HOW TO COMPLETE THIS TASK
Which lines of the listing below contain the word "Flower"? Copy each of them.

EXERCISE MATERIALS
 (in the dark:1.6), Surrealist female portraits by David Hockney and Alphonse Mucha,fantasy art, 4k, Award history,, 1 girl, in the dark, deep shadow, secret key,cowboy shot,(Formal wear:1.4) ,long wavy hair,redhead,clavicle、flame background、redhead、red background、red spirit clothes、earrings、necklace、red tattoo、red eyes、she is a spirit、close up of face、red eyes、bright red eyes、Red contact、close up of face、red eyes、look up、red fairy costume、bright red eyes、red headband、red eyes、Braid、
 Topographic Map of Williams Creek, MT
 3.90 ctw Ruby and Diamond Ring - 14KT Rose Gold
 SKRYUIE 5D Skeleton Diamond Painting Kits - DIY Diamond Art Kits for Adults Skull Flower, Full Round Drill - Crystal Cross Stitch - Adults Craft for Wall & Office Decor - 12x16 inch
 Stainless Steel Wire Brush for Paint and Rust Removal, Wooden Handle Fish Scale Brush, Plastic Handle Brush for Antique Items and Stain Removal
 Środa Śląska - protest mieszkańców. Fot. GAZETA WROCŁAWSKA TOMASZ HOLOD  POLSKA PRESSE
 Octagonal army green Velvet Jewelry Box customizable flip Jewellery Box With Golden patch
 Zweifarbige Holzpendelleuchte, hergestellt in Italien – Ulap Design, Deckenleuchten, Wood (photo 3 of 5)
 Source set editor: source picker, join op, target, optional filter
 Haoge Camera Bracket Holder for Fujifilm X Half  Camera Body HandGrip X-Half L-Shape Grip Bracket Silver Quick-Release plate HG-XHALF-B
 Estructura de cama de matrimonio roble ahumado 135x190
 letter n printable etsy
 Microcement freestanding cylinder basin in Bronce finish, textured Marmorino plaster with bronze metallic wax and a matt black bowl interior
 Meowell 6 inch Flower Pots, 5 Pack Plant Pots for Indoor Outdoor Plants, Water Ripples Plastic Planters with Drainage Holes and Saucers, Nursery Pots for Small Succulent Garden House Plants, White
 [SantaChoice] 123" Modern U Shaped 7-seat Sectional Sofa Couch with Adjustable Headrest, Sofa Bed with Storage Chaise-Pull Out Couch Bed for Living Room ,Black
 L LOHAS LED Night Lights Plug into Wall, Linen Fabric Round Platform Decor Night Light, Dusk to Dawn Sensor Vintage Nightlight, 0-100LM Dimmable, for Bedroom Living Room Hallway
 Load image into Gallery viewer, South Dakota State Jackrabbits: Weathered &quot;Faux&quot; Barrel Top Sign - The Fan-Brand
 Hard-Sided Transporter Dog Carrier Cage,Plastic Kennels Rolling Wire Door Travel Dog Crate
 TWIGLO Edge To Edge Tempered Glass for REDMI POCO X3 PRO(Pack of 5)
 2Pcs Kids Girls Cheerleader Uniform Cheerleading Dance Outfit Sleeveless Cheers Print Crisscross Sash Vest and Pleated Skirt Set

EXPECTED ANSWER
 SKRYUIE 5D Skeleton Diamond Painting Kits - DIY Diamond Art Kits for Adults Skull Flower, Full Round Drill - Crystal Cross Stitch - Adults Craft for Wall & Office Decor - 12x16 inch
 Meowell 6 inch Flower Pots, 5 Pack Plant Pots for Indoor Outdoor Plants, Water Ripples Plastic Planters with Drainage Holes and Saucers, Nursery Pots for Small Succulent Garden House Plants, White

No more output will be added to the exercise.